Post Processing Bug - Githubissues

TheJacksonLaboratory / splicing-pipelines-nf

Repository for the Anczukow-Lab splicing pipeline

14 stars 9 forks source link

Post Processing Bug #309

Closed angarb closed 1 year ago

angarb commented 2 years ago

Problem

There is a bug in the generation of the BamList. If there are more than 10 samples in b1 or b2 - the Bamlist gets disordered.

Solution

angarb commented 2 years ago

This part of the post processing script is causing problems:

b1_list <- t(read.table(b1_file, sep=","))
b2_list <- t(read.table(b2_file, sep=","))

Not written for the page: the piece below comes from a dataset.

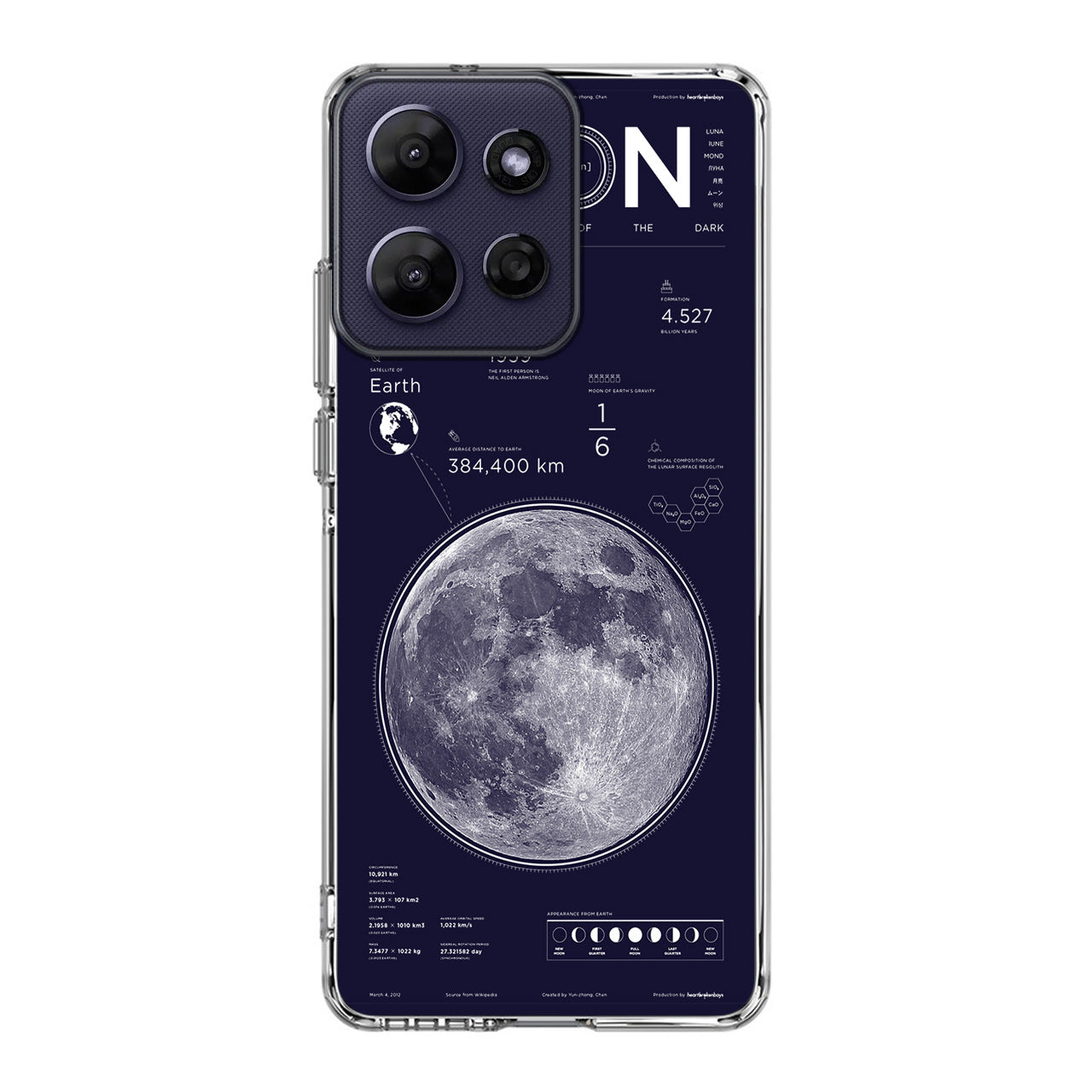 The Moon Motorola Moto G Power 2026 Case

bam_list_df <- merge(b1_list, b2_list, by="row.names", suffixes = c("_b1", "_b2"))
bam_list_df <- bam_list_df[,-1]
colnames(bam_list_df) <- lapply(colnames(bam_list_df), function(x){
  new_val <- strsplit(x, "_")[[1]][2]
  return(new_val)
})

angarb commented 2 years ago

It currently reorders the row.names to look like this:

angarb commented 2 years ago

This seems to fix this issue: bam_list_df <- merge(b1_list, b2_list, by="row.names", all= T, sort = F, suffixes = c("_b1", "_b2"))